"""

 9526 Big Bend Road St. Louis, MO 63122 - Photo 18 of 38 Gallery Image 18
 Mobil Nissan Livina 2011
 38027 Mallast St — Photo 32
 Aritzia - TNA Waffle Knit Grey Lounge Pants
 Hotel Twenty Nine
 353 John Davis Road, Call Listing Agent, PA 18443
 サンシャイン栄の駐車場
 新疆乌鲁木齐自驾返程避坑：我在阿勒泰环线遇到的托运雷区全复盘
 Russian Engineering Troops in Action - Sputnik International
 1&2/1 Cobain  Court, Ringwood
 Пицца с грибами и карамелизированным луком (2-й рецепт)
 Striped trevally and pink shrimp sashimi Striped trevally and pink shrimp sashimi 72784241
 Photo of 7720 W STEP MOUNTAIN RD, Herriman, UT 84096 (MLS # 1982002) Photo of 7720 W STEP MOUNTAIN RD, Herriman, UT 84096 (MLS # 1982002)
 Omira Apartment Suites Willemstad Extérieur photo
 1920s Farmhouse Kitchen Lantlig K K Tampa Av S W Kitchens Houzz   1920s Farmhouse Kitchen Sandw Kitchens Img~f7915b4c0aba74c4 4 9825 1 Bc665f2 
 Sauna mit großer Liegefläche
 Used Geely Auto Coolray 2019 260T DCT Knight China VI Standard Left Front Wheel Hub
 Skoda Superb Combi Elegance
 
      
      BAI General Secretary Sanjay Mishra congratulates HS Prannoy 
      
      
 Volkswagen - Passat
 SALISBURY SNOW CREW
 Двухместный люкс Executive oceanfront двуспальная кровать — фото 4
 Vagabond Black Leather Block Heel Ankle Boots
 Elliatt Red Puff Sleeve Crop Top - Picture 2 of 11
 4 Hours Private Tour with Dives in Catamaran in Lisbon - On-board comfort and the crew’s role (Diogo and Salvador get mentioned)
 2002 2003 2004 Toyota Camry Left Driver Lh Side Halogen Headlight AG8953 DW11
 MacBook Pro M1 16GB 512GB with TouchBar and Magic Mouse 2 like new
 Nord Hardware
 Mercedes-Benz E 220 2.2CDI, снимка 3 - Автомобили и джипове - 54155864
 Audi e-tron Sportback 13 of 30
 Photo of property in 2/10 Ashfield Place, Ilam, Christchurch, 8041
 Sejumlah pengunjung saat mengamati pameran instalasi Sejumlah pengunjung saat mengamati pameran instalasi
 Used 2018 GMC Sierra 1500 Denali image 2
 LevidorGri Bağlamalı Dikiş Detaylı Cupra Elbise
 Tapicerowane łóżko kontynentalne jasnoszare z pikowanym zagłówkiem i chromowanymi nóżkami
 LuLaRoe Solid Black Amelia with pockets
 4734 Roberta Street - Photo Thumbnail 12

"""

» INSTRUCTIONS TO FOLLOW
Quote the data above in full, changing nothing.

» TASK RESULT
 9526 Big Bend Road St. Louis, MO 63122 - Photo 18 of 38 Gallery Image 18
 Mobil Nissan Livina 2011
 38027 Mallast St — Photo 32
 Aritzia - TNA Waffle Knit Grey Lounge Pants
 Hotel Twenty Nine
 353 John Davis Road, Call Listing Agent, PA 18443
 サンシャイン栄の駐車場
 新疆乌鲁木齐自驾返程避坑：我在阿勒泰环线遇到的托运雷区全复盘
 Russian Engineering Troops in Action - Sputnik International
 1&2/1 Cobain  Court, Ringwood
 Пицца с грибами и карамелизированным луком (2-й рецепт)
 Striped trevally and pink shrimp sashimi Striped trevally and pink shrimp sashimi 72784241
 Photo of 7720 W STEP MOUNTAIN RD, Herriman, UT 84096 (MLS # 1982002) Photo of 7720 W STEP MOUNTAIN RD, Herriman, UT 84096 (MLS # 1982002)
 Omira Apartment Suites Willemstad Extérieur photo
 1920s Farmhouse Kitchen Lantlig K K Tampa Av S W Kitchens Houzz   1920s Farmhouse Kitchen Sandw Kitchens Img~f7915b4c0aba74c4 4 9825 1 Bc665f2 
 Sauna mit großer Liegefläche
 Used Geely Auto Coolray 2019 260T DCT Knight China VI Standard Left Front Wheel Hub
 Skoda Superb Combi Elegance
 
      
      BAI General Secretary Sanjay Mishra congratulates HS Prannoy 
      
      
 Volkswagen - Passat
 SALISBURY SNOW CREW
 Двухместный люкс Executive oceanfront двуспальная кровать — фото 4
 Vagabond Black Leather Block Heel Ankle Boots
 Elliatt Red Puff Sleeve Crop Top - Picture 2 of 11
 4 Hours Private Tour with Dives in Catamaran in Lisbon - On-board comfort and the crew’s role (Diogo and Salvador get mentioned)
 2002 2003 2004 Toyota Camry Left Driver Lh Side Halogen Headlight AG8953 DW11
 MacBook Pro M1 16GB 512GB with TouchBar and Magic Mouse 2 like new
 Nord Hardware
 Mercedes-Benz E 220 2.2CDI, снимка 3 - Автомобили и джипове - 54155864
 Audi e-tron Sportback 13 of 30
 Photo of property in 2/10 Ashfield Place, Ilam, Christchurch, 8041
 Sejumlah pengunjung saat mengamati pameran instalasi Sejumlah pengunjung saat mengamati pameran instalasi
 Used 2018 GMC Sierra 1500 Denali image 2
 LevidorGri Bağlamalı Dikiş Detaylı Cupra Elbise
 Tapicerowane łóżko kontynentalne jasnoszare z pikowanym zagłówkiem i chromowanymi nóżkami
 LuLaRoe Solid Black Amelia with pockets
 4734 Roberta Street - Photo Thumbnail 12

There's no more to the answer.